◆ **Assignment**
An exact copy of the lines of the listing below between the "Rampaging Geoderm [March" line and the "Vicmag Copper Bracelet" line, both included, is the whole answer; please omit the pictures.

◆ **Data section**
════════

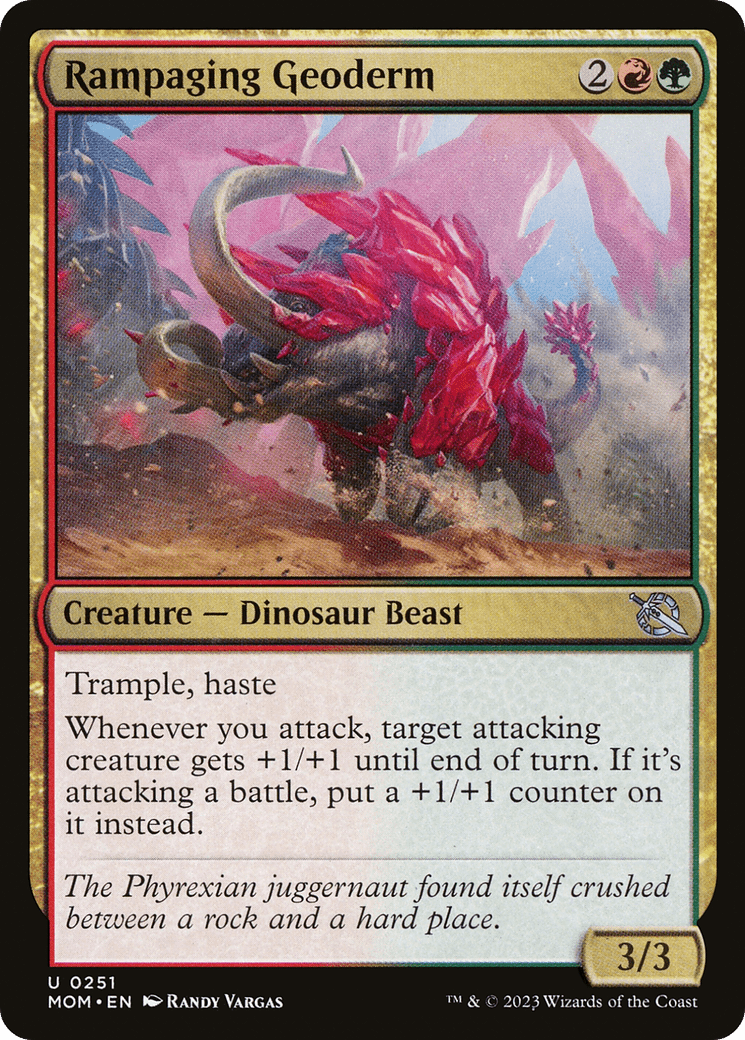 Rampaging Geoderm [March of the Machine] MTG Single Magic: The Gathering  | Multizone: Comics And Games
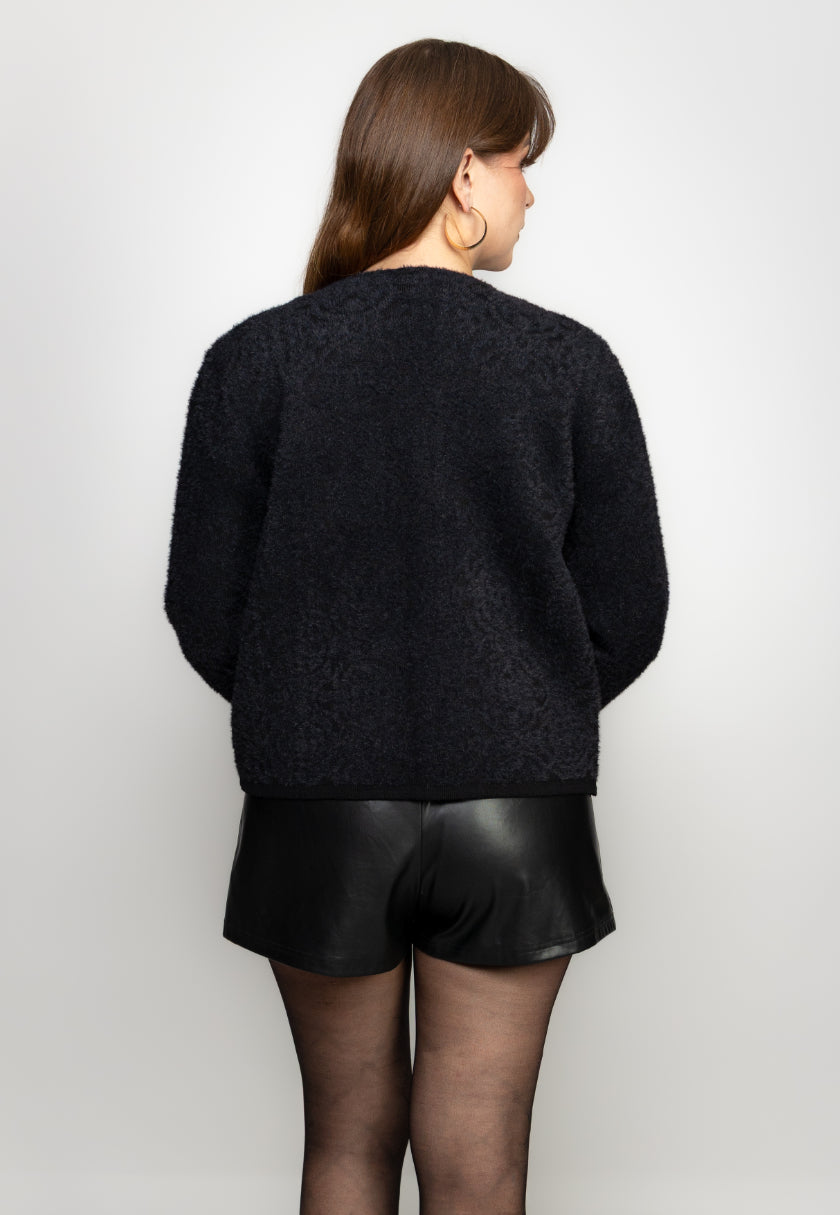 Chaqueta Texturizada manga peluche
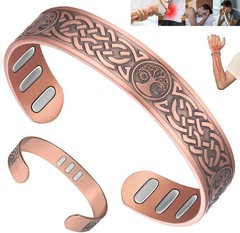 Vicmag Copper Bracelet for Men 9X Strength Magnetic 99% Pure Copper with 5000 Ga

════════

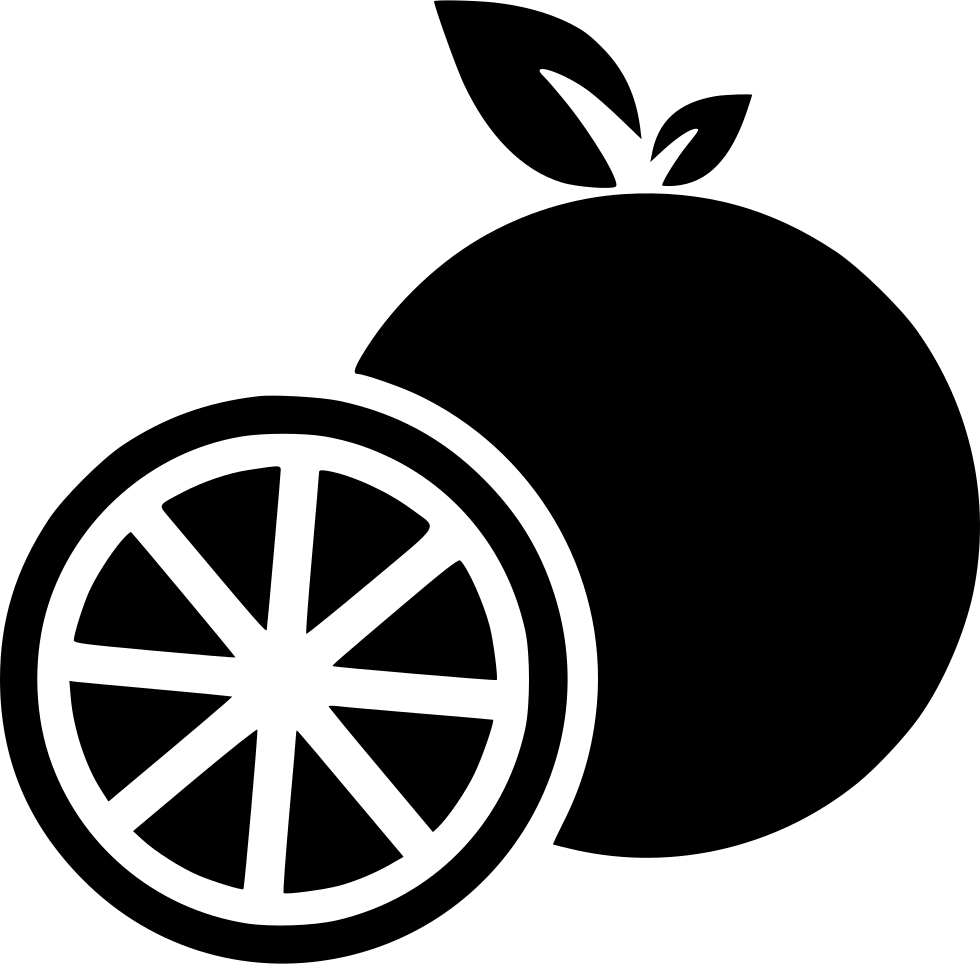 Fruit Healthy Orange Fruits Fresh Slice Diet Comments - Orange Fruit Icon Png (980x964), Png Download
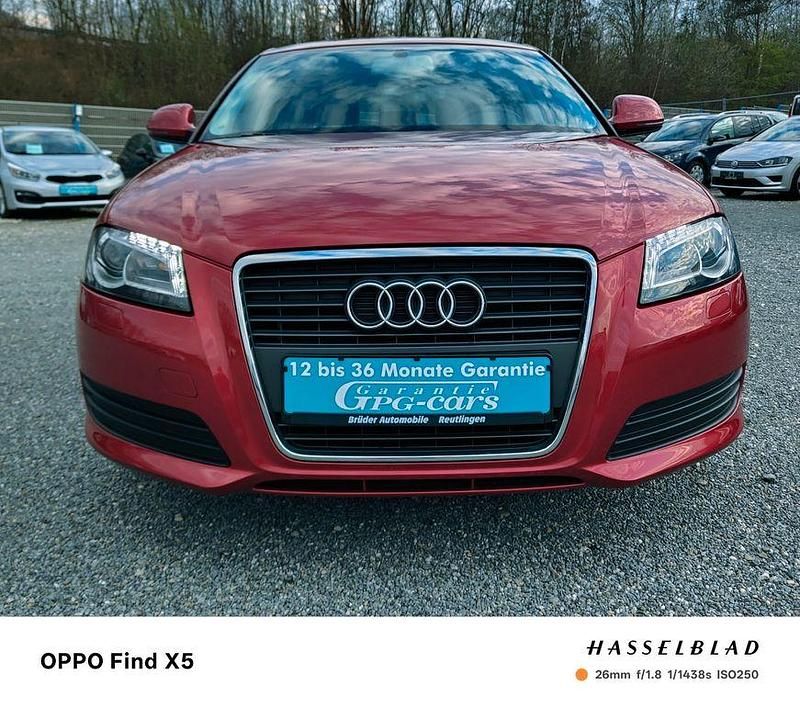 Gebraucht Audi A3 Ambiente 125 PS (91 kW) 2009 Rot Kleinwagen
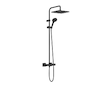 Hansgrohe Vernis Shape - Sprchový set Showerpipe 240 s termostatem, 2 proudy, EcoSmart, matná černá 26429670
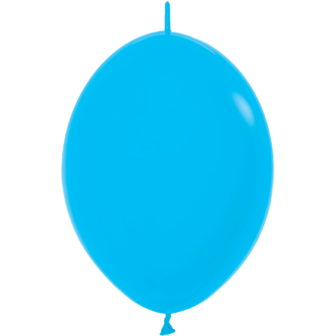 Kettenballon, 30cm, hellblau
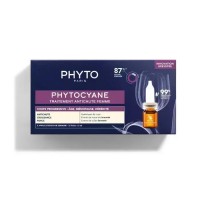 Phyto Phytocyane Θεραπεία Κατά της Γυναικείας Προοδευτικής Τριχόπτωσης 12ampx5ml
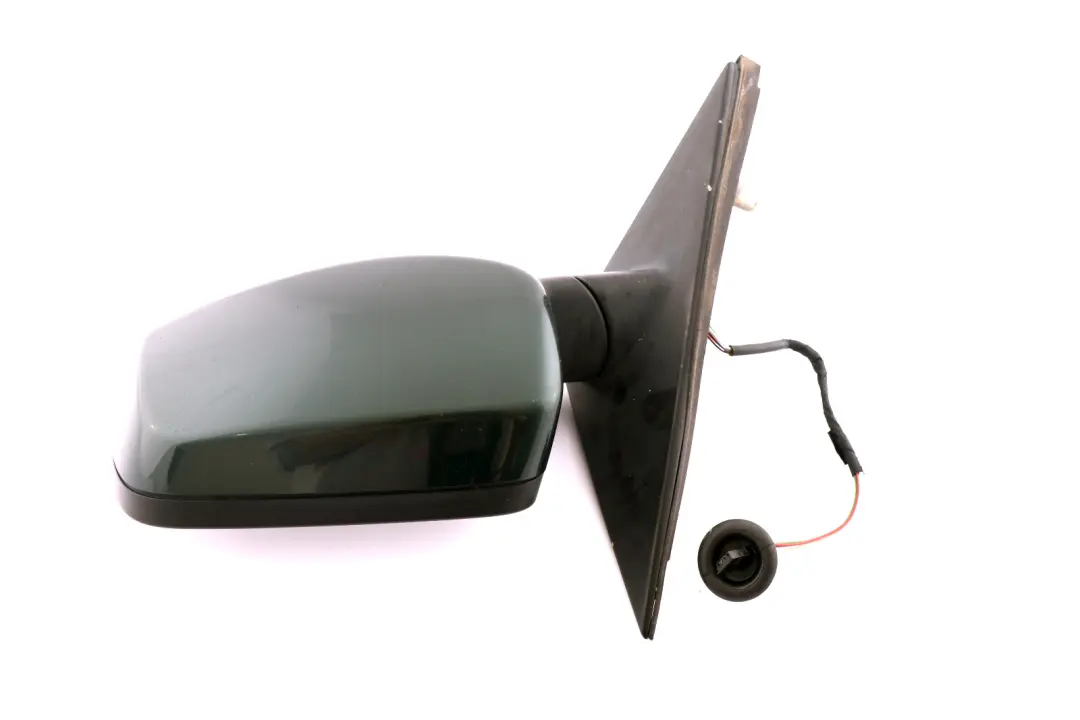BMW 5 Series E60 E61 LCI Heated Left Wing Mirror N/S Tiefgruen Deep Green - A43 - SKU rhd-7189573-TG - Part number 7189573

════════

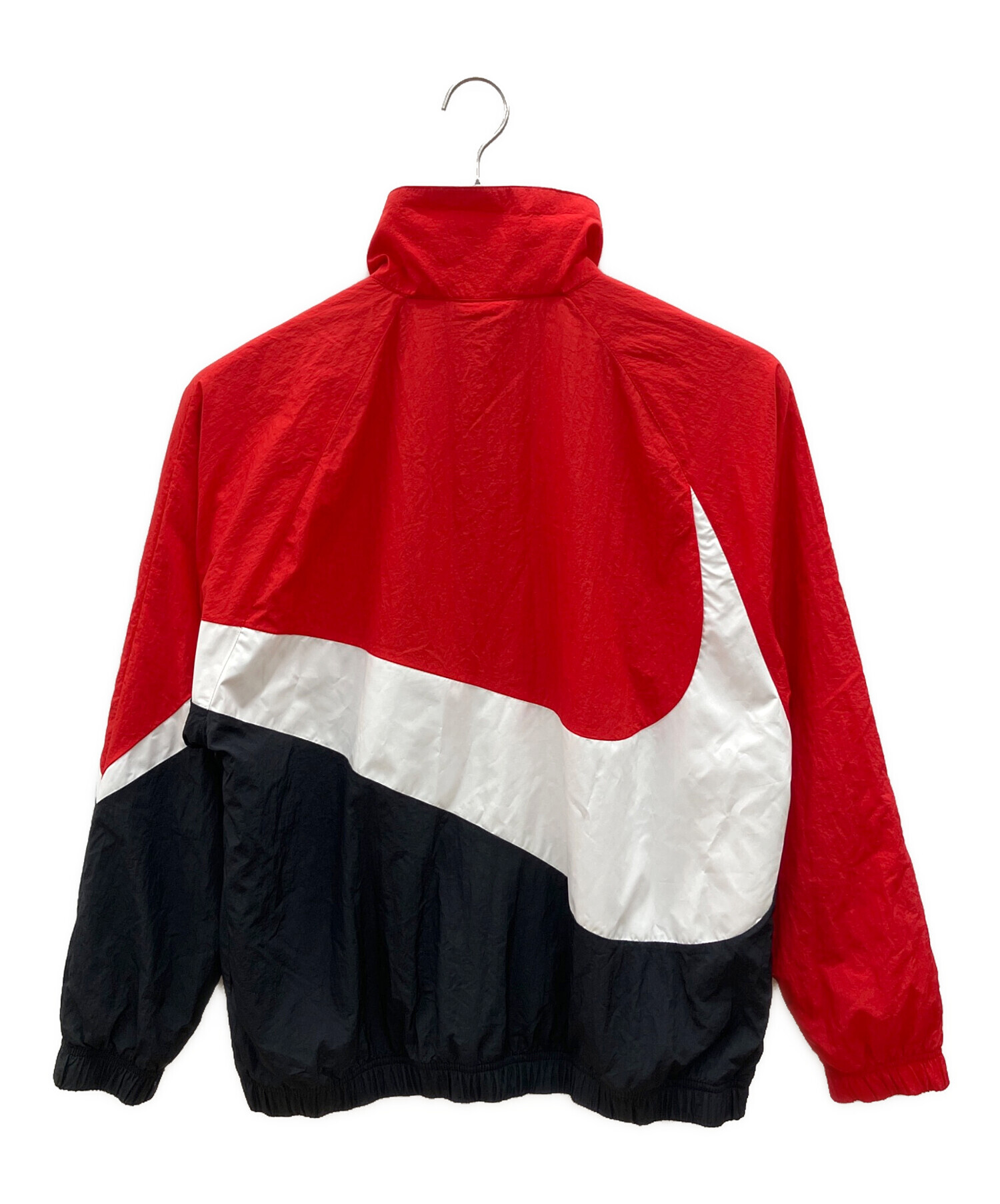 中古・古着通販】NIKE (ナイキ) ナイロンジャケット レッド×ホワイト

════════

◆ **Result of the exercise**
 Rampaging Geoderm [March of the Machine] MTG Single Magic: The Gathering  | Multizone: Comics And Games
 Chaqueta Texturizada manga peluche
 Vicmag Copper Bracelet for Men 9X Strength Magnetic 99% Pure Copper with 5000 Ga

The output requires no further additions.